# Directions for this task
From the line containing "Stump Puffball, Lycoperdon pyriforme" to the line containing "X0000060750678200511141159" in the records below, set down every line exactly as it stands, both ends included, and skip the pictures.

# Exercise materials

+++

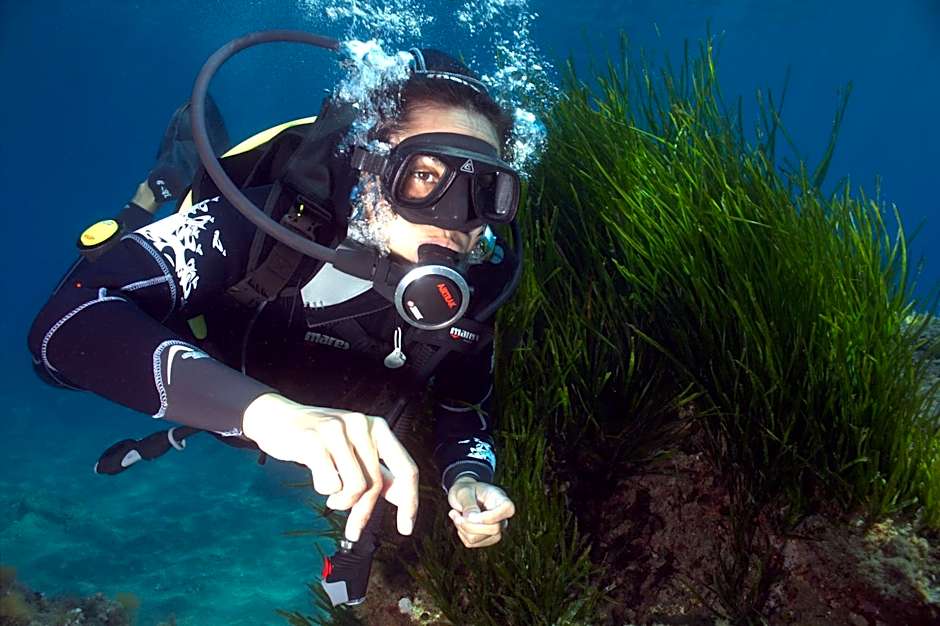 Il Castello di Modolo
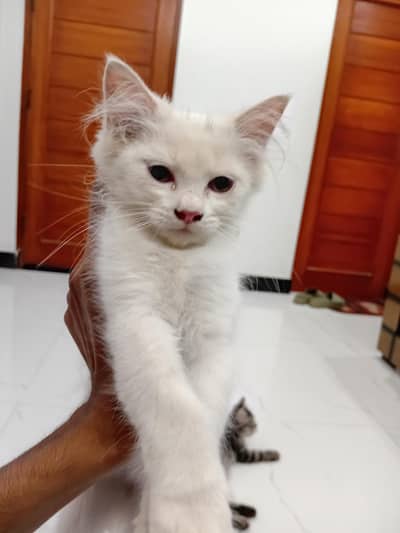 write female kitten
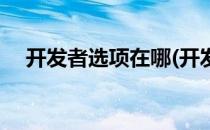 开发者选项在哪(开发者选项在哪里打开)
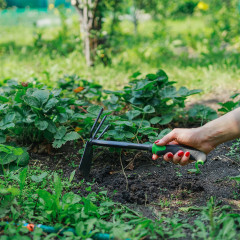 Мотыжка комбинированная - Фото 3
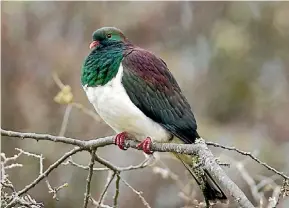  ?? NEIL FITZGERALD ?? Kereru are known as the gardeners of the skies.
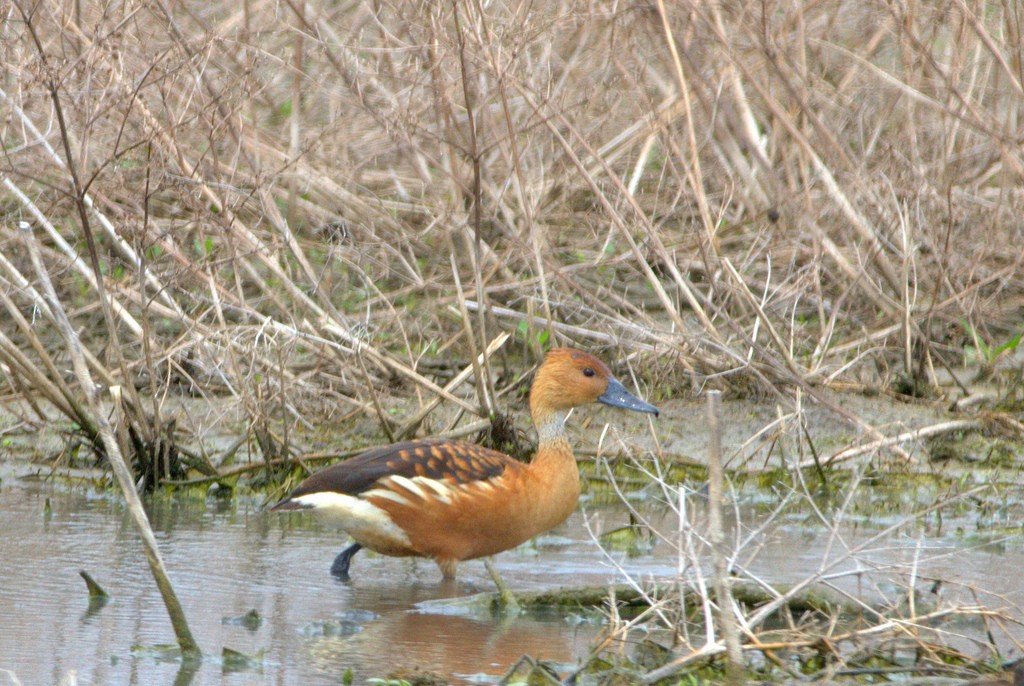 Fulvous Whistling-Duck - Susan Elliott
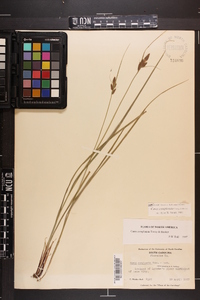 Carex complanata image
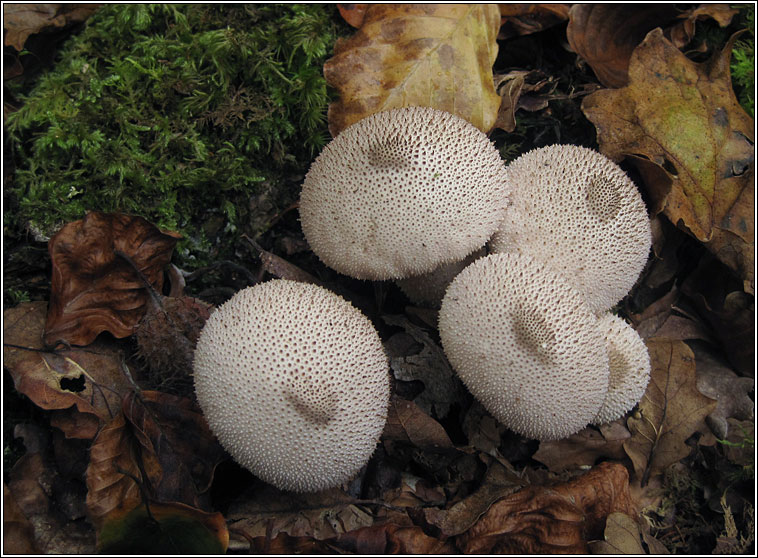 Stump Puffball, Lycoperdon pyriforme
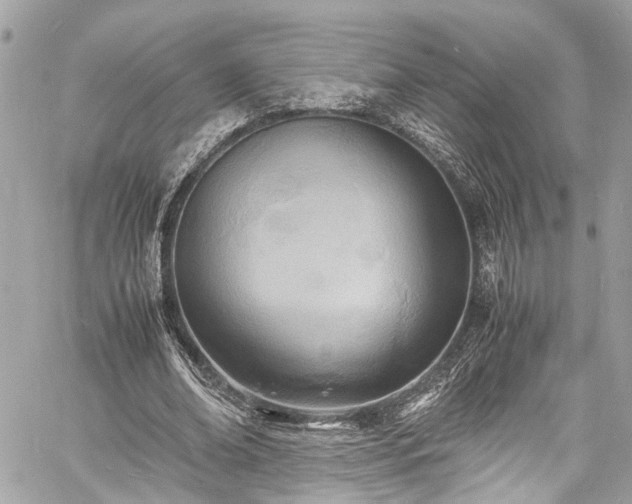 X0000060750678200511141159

+++

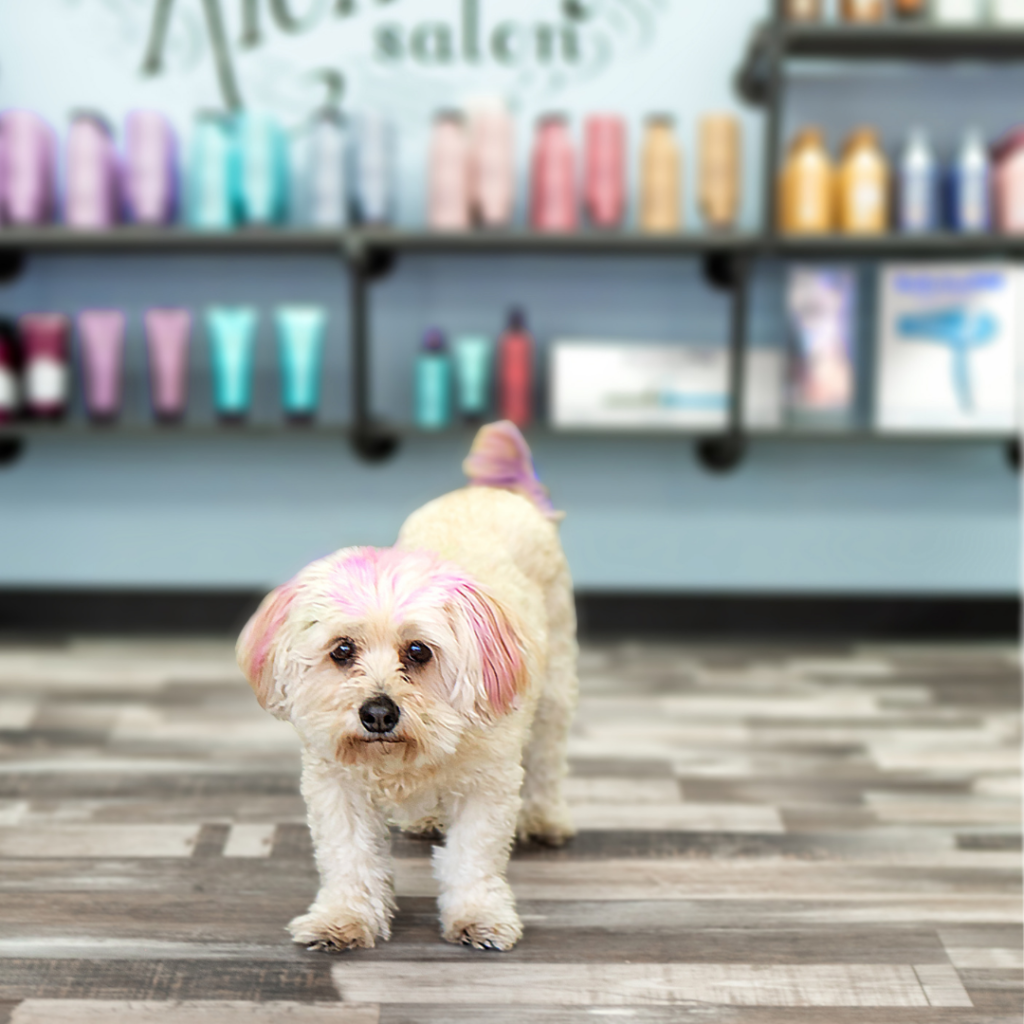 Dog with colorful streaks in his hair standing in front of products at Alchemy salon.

+++

# Response below
 Stump Puffball, Lycoperdon pyriforme
 X0000060750678200511141159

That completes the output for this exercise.